Portrait de Jeanne Tournay, 1897. Huile sur toile 86 cm x 74 cm. Exposé au Salon de l’UFPS de 1897 et au Salon des Artistes Français de 1898 (n° 610). Leg du Dr Maurice Bourillon à la Société des Lettres Sciences & Arts de la Lozère en 1931. Collection du Musée du Gévaudan- Ville de Mende.
Mathilde Delattre réalise en 1897 ce portrait de son amie et collègue Jeanne Tournay-Bourillon (1867-1932). Les deux jeunes femmes sont élèves des mêmes maîtres, Gaston Casimir Saint-Pierre (1833- 1916) et Ferdinand Humbert (1842-1934), et exposeront dans les mêmes salons (Société des amis des arts de Seine et Oise à Versailles, Salon des artistes français, Salon de l’union des femmes peintres et sculpteurs). Comme cela se pratique dans les ateliers, les artistes se peignent réciproquement. La toile reçoit une bonne critique à l’Union:

Le Courrier du soir du 10 février 1897.
La figure de Jeanne Tournay surgit du fond brun mouvant, travaillé en glacis légers, où la matière ondule comme un nuage de silence. Le profil fermé au spectateur est tout sauf distant: il incarne la méditation, le retrait — comme si Jeanne Tournay, dans l’atelier, se tenait au seuil d’une pensée. La jeune femme ferme légèrement les paupières, dans une attitude à la fois intérieure et souveraine; l’expression est à la fois fière et douce. Tout le tableau respire une retenue qui frôle la sensualité. Mathilde Delattre cherche à saisir une présence, la pensée qui passe, la fierté tranquille, la respiration du modèle. La pose, classique, rappelle la statuaire antique ou les portraits d’apparat du XVIIᵉ siècle, mais l’émotion, elle, appartient à la fin du XIXᵉ — ce moment où la peinture féminine se fait confidence.
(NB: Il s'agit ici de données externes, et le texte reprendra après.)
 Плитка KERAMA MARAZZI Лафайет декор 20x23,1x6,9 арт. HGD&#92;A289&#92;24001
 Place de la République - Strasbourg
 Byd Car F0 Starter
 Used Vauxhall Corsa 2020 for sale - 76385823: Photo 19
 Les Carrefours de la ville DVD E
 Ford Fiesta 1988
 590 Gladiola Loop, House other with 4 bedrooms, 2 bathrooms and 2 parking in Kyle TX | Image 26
La figure s’impose par la richesse de ses noirs et la chaleur du teint.
Mathilde Delattre joue des contrastes : la blancheur mate du cou, la chevelure brune rehaussée d’une émeraude, le bandeau vert du corsage. Une lumière chaude glisse sur la joue, le cou et la nuque. Les touches sont souples, fondues, mais jamais lissées. Les noirs de la robe ne sont pas neutres : ils vibrent de reflets bleutés et bruns, comme un velours travaillé par la lumière. Le manteau de plumes ou d’étoffe sombre, qui enveloppe l’épaule, ajoute au portrait une note presque théâtrale, mais toujours mesurée.
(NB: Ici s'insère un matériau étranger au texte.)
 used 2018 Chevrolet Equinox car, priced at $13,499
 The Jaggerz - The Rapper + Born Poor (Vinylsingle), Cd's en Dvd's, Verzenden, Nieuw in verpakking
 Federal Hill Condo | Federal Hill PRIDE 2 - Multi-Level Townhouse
On reconnaît ici l’enseignement du réalisme psychologique de Gaston Casimir SaintPierre, mais aussi une affinité avec la peinture post-romantique de la fin du siècle : l’attention à la lumière dorée, la sensualité discrète des carnations, le goût du profil noble. Mathilde Delattre s’inscrit dans la lignée des portraitistes qui, à l’instar de Carolus-Duran, savent mêler observation et élégance. Mais elle en adoucit les effets, les rend plus intimes, plus nuancés. Sa touche reste féminine au sens noble : elle peint la force tranquille sans la dureté.
Ce tableau, daté de 1897, témoigne d’un moment de bascule : la peinture féminine sort du domaine décoratif pour atteindre la gravité du portrait d’artiste. Jeanne Tournay, ici, n’est pas l’objet d’un regard, mais la complice d’un regard féminin. L’œuvre devient un double portrait : celui du modèle, mais aussi celui de l’artiste qui la contemple avec respect et attention. Le geste de Mathilde Delattre est celui d’une femme qui trouve, dans la peinture, un langage de reconnaissance et d’émotion. Dans ce silence de profil, il y a toute la dignité des femmes artistes de la fin du XIXᵉ siècle, affirmant leur sensibilité sans renoncer à leur maîtrise picturale.